Commissioners spoke during the morning segment of a planned daylong strategic planning, or goal-setting, session. Martin had started the morning discussion by proposing a rewrite of the 25-year-old mission statement. The city’s top staff, including its police and fire chiefs, its library director, its department heads and its longtime lobbyist, were all in the room at the Wickline Center and contributed to the discussions, which were meant to be informal. Martin had also invited Ken Belshe, the developer of Veranda Bay and Summertown–the two large commercial and residential developments on the mainland, both of which the city just annexed.

Belshe doesn’t understand why the city continues to offer free parking when the near totality of the rest of the state’s coastal communities no longer do, and generate significant revenue from parking, which also discourages car traffic to some extent.
He was scratching at an old wound in a city that has been wrestling with its parking demons for three decades. (See this chronology, published in 2015: “Flagler Beach Parking History: Two Decades of Inaction.”) From 2013 to 2015, years before Spradley was elected, he vice-chaired a parking committee that met 26 times and submitted a 32-page report and recommendations to the commission, including a recommendation to convert 662 parking spaces into paid parking, if at the prohibitive capital cost of $1.2 million. The report was ignored. (See: “662 Spaces Would Convert to Paid Parking in Flagler Beach in Panel’s Vast, Costly Proposal.”)
There was yet another parking study in 2019. It was ignored. A year ago a company presented a plan to the commission of parking-meter-free paid parking, using an app. That presentation was ignored.
At least until today. Here was Spradley again, alluding to that presentation and the changed technology. “There’s no longer sticks in the ground,” he said. “There’s no meters to be seen, so that changes entirely the economics of paid parking.” Visitors should pay to park, residents should not, he said.
“It’s time for parking to come to the forefront. We’ve got to figure out a way to do it,” Spradley said. “It’s not just a matter of paid parking being the only solution.

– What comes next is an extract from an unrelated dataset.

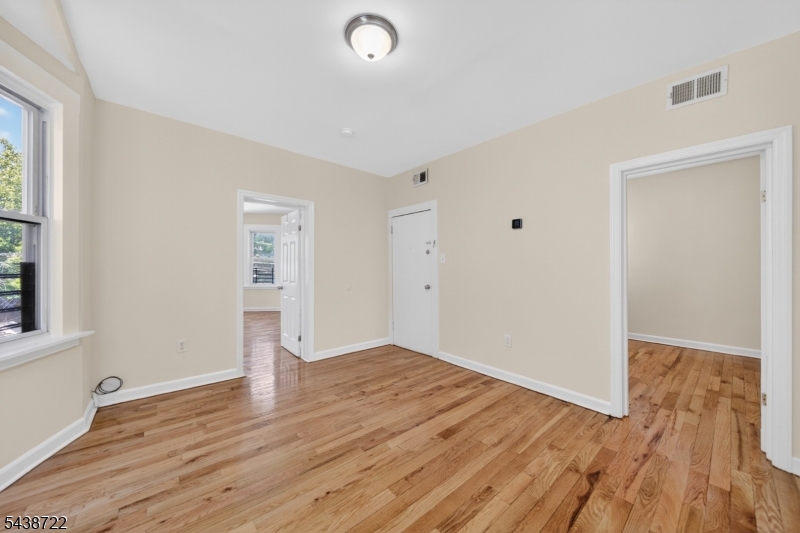 58 S 13th St 1 Property Photo 6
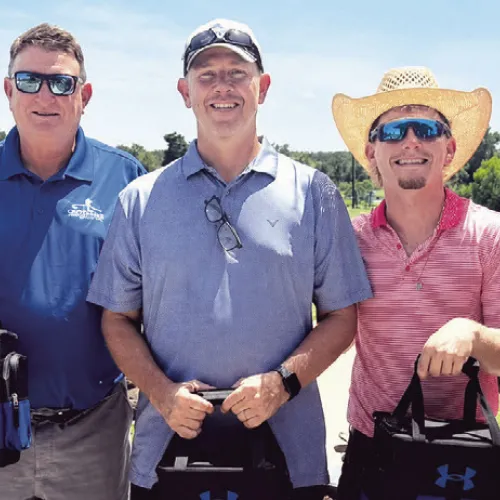 Three teams tie atop alumni golf tourney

It’s a piece of the puzzle.”
King said the county’s planned tourism center at the foot of the pedestrian bridge over State Road 100 could have space enough for the sort of parking lot that would accommodate Flagler Beach visitors. “And could we run county-city co-sponsored shuttles?” she said. “That’s like the best of all worlds, because that’s bringing us the tourists that many businesses require, and keeps the cars off. And just have a set shuttle, trolley, however you want to word it, like Key West and their trolley system.”
Cooley couldn’t resist another dig at Palm Coast–whose residents are, in fact, the plurality of visitors to Flagler Beach. “We don’t want all those cars here. We’re not your Palm Coast parking garage,” Cooley said. “We want Palm Coast to figure out what Palm Coast is going to do with their vehicles. We have to protect the quality of life long term by not becoming the Palm Coast beach parking lot. I think that’s what it’s trending towards.”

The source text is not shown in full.